In order to prevent a third world war, it is important to be vigilant, because one can also stumble into wars, said the Chancellor on ORF’s ZiB2 on Wednesday evening. “New solutions are needed so that the conflict can end,” emphasized Nehammer. He added that they were in a kind of “Western echo chamber” and that the BRICS countries should be brought on board.
Above all, the West needs China and India to look for a peace solution. These two countries must be spoken to on an equal footing. In the ORF broadcast, Nehammer saw Russian President Vladimir Putin in a dead end because he had not achieved any of his strategic goals. Not only has NATO grown to include Sweden and Finland, but the countries in the defense alliance will now also spend more money once more, as the USA has long been demanding. He added that at the special Ukraine summit in Paris on Monday there was no Western majority opinion to send soldiers to Ukraine. In an interview with oe24.tv, Nehammer had previously said that Putin had it in his hands to end the war.
- Video: The interview with Chancellor Nehammer
This video is disabled
Please activate the categories Performance cookies and Functional Cookies in your cookie settings to view this item.

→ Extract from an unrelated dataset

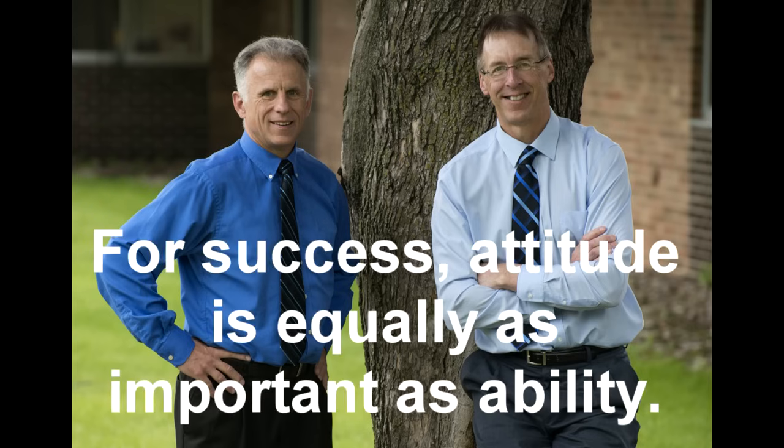Bob and Brad, the two most famous physical therapists on the internet. Hi folks, I'm Bob Schrupp, physical therapist. Brad Heineck, physical therapist. The most famous physical therapists on the internet — in our opinion, of course.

My cookie settings
Scholz: “No soldiers in Ukraine”
Germany’s Chancellor Olaf Scholz promised the German Bundeswehr and his country’s citizens on Wednesday that his rejection of sending ground troops to Ukraine is an immovable red line. “To be clear: As German Chancellor, I will not send soldiers from our Bundeswehr to Ukraine,” he said in a video message on Wednesday. “That’s true. Our soldiers can rely on that. And you can rely on that.”
NATO will not become a warring party, Scholz added. “It stays that way.” Germany agrees with its allies: “We don’t want Russia’s war once morest Ukraine to turn into a war between Russia and NATO.”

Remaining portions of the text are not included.